The question of an illegal straw purchase was broached with a different, much smaller sample:
The researchers also made 20 follow-up calls to randomly chosen dealers and said they needed to buy guns for girlfriends or boyfriends because they were not "allowed to."
In 16 of those cases, or 80 percent, the dealers responded with unequivocal "nos," indicating that the purchases would clearly be illegal. In the remaining four cases, the dealers agreed to sell the guns, even though they indicated that they knew that would be illegal, the researchers said.
In other words, the percentage in the headline for "Dealers Willing to Sell Handguns Illegally" was off by a factor of two and a half, and that's assuming the sample of 20 dealers adequately represented gun retailers nationwide.
The original study from UCLA doesn't make the headline's claim, but the abstract can easily leave one with that impression. It does make the statement "Most dealers were willing to sell a handgun regardless of the end user", but one has to go digging to find out that in most cases, the dealer was being asked if they'd make a legal sale. Only a small percentage were asked about blatantly illegal sales. And of those, most in the small sample said "no".
Of course, one can brush off the Times as being only a little more reliable than the World Weekly News. When they start reporting on Bat Boy, let me know. I am, however, disappointed with the study's primary author, Susan Sorenson. I know Dr. Sorenson. And while we may not agree on firearms policy, I would have hoped for better. The study is sloppy and the results misleading. The study compared dealer behavior across jurisdictions. What's shady for one dealer may be perfectly legal for another. And in most cases, the dealers were asked if they would be willing to make legal transactions. (What a shocker; they were willing to do so!) Larger samples chosen on a per jurisdiction basis would have been revealing. Also, though I don't know what difference this would make, the study limited calls to dealers in large cities with more than 10 dealers. Los Angeles is mentioned as just such a large city, but there aren't 10 dealers in the city limits. Thus L.A. dealers should have been excluded. Should the handful of dealers in the nation's 2nd largest city have been included? Perhaps so, but the paper doesn't make it clear if they were or weren't.

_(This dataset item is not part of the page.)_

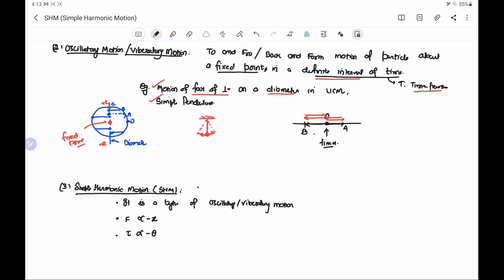Third is simple harmonic motion. Simple harmonic motion is a type of oscillatory motion in which the particle moves in a straight line about the mean position and satisfies the condition that F is proportional to −x. This means the restoring force F is proportional to the displacement x and is directed opposite to the displacement. This is called linear simple harmonic motion. Similarly, there is angular simple harmonic motion, in which the restoring torque is proportional to the angular displacement and directed opposite to it, tending to restore the particle to its mean position.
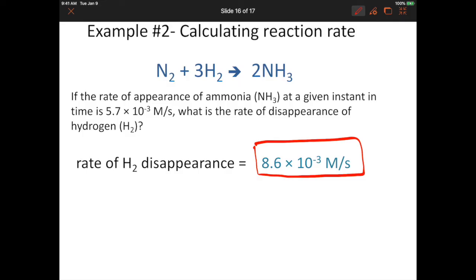This checks out with what we originally suspected. H₂ disappears faster than NH₃ is made because you need three molecules of H₂ to make two molecules of NH₃. We get a number larger than the rate of appearance of ammonia, which is exactly what we expected.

All in all, the study confirms that gun dealers are willing to sell guns. Some, though we cannot say with any confidence how many, will sell guns illegally. In the same fashion, we can also guess that tobacco dealers will sell cigarettes; and that some small percentage will sell to minors. In short, some part of any population, like the population of gun dealers or tobacco dealers, will break the law. Most, however, do not. The study's claim that a Federal gun registry would solve the problem is unwarranted. Tracking transactions between law-abiding parties will not do anything to affect the behavior of those who break the law.